4.3     Verhoging thuiswerkvergoeding en andere normbedragen


Voor de extra kosten die verbonden zijn aan thuiswerken, kunt u – onder voorwaarden – een onbelaste vergoeding geven aan uw werknemer. Deze onbelaste vergoeding bedraagt in 2025 € 2,40 per dag (in 2024 nog € 2,35 per dag).

 

Ook het normbedrag voor de waarde van maaltijden in bedrijfskantines (of soortgelijke ruimtes) of tijdens personeelsfeesten op de bedrijfslocatie stijgt in 2025. Bedroeg dit normbedrag in 2024 nog € 3,90 per maaltijd, in 2025 bedraagt dit € 3,95 per maaltijd.

 

Tip!
Het normbedrag verminderd met een eventuele bijdrage van uw werknemer is loon voor uw werknemer.
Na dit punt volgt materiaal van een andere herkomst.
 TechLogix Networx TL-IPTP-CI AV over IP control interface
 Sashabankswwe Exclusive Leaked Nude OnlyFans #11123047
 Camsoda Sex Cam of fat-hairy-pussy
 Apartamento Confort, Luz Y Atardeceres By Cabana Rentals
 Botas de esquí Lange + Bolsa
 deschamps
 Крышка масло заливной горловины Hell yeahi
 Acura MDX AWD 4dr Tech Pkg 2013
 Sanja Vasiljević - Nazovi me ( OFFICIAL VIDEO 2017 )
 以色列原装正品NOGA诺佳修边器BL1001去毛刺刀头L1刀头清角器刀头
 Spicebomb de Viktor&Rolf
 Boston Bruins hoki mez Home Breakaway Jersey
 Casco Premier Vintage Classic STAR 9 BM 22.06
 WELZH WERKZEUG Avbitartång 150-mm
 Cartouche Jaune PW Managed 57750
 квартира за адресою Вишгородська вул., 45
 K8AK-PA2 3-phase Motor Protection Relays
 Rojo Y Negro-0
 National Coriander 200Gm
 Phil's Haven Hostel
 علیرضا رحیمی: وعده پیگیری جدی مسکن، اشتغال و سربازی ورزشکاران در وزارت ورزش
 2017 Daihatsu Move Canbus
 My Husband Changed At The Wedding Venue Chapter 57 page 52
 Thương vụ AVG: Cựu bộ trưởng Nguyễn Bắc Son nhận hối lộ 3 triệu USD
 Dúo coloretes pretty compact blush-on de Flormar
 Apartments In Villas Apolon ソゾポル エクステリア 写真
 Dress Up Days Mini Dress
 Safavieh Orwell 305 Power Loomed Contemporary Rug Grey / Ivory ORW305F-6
U kunt er echter ook voor kiezen om dit loon aan te wijzen als eindheffingsloon in de vrije ruimte.

 

Let op:
De Hoge Raad oordeelde in mei 2024 dat aan werknemers verstrekte gezonden maaltijden die onderdeel zijn van het arboplan van de werkgever, in de jaren tot en met 2021 gericht vrijgesteld zijn. Het normbedrag van maaltijden hoeft dan in die jaren niet toegepast te worden. Helaas is de gerichte vrijstelling die hiervoor geldt met ingang van 2022 aangescherpt. Hierdoor zijn voorzieningen die evident gericht zijn op de bevordering van de algemene gezondheid van werknemers niet gericht vrijgesteld. Daarmee is het vanaf 2022 niet meer mogelijk om voor dergelijke verstrekte gezonde maaltijden de gerichte vrijstelling toe te passen. Overigens kan een voorziening die met name gericht is op de bevordering van de algemene gezondheid van de werknemer in een individueel geval toch als een verplichte arbovoorziening kwalificeren en daarom gericht vrijgesteld zijn. De werkgever moet daarvoor onder meer vaststellen dat de werknemer een gezondheidsrisico loopt vanwege zijn arbeid.

 

Voor huisvesting op de werkplek kan – onder voorwaarden – een nihilwaardering gelden. Als deze nihilwaardering geldt, dan geldt ook voor de verstrekking van energie, water en bewassing een nihilwaardering. Voorwaarden voor de nihilwaardering zijn:

 

- De werknemer woont niet op de werkplek en heeft zijn woonplek elders.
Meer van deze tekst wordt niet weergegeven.